Subvocalisation is one of the challenges we have to overcome if we are going to learn how to read much faster.

It is a habit we develop when we first learn to read because the teachers (and our parents) need to know we are doing it right.

It is simply saying to ourselves what we are reading as we are reading it.

If you go to my blog post on subvocalisation you will find out more about it there so I wont repeat myself here.

All you need to know is that this habit limits our ability to read to the fastest rate at which we can speak.

As the current world record is 603.32 words in 54.2 seconds set by Fran Capo (which equates to about 667 words per minute) that means your upper limit is going to be well below this.
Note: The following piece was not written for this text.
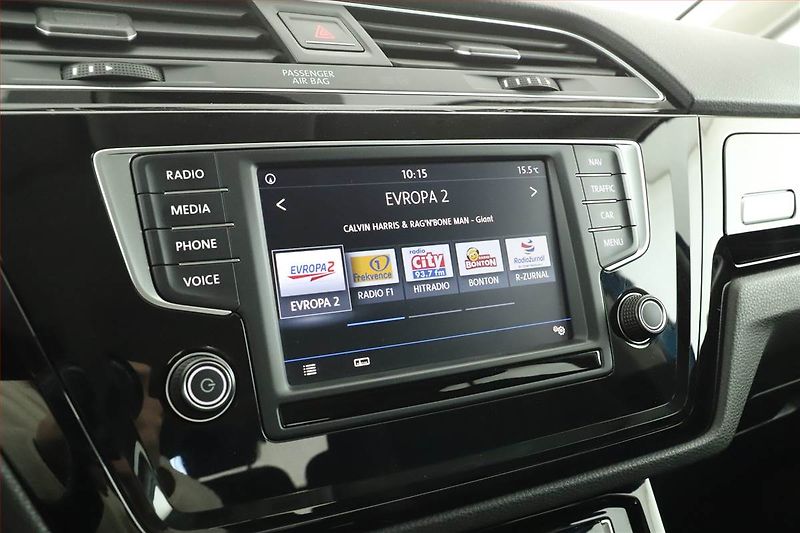 Volkswagen Touran (2016) 2.0 TDI, Automat, Serv.kniha - fotka 11 z 20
[Since writing this post I have actually met Fran Capo and you can see what she thought of my session “How To Read Faster And Remember More” here when I met her in New York recently].

Without training or the desire to break a world record, the average person has a maximum talking speed of about 400 words per minute.

On most of my speed reading courses, the average reading speed is in the region of 250-300 words per minute when they first walk in the door.

Now this post is not about overcoming that challenge, but looking at how we can use reading aloud to further our own brain development.

For Christmas I was given a Nintendo DS and Dr Kawashima’s Brain Training game.

One of the training exercises it recommends is reading out aloud as fast as you can.

The idea is to speak quickly and clearly but do it at the fastest rate possible.

It is quite a challenge if you push for speed you end up slurring or missing words.

If you go for clarity and correctness, there is an effect on the rate you read.

So there is a balance, but as the Brain Training Game is showing me, you can improve.

According to Dr Kawashima in his annoying little post exercise messages, the activity will stimulate the pre-frontal cortex.

A quick search on the interweb-pedia-thing tells me that it is a part of the brain thought to be key to short term working memory.

It wasn’t however until I tried it that I realised what a good mental workout it was.

So if you want to train your grey cells and don’t want to invest in a Nintendo DS, then just find some good quality literature and read it out loud as fast and as clearly as you possibly can.

This wont help you increase your reading speed but you will find your mind stimulated and thoroughly exercised and depending on your choice of reading material, your vocabulary will improve too.

Try it and let me know how you get on.

You could start with this post which from the first paragraph is 488 words in length.

Time yourself and you can work out your reading speed in words per minute see how close you are to the world record.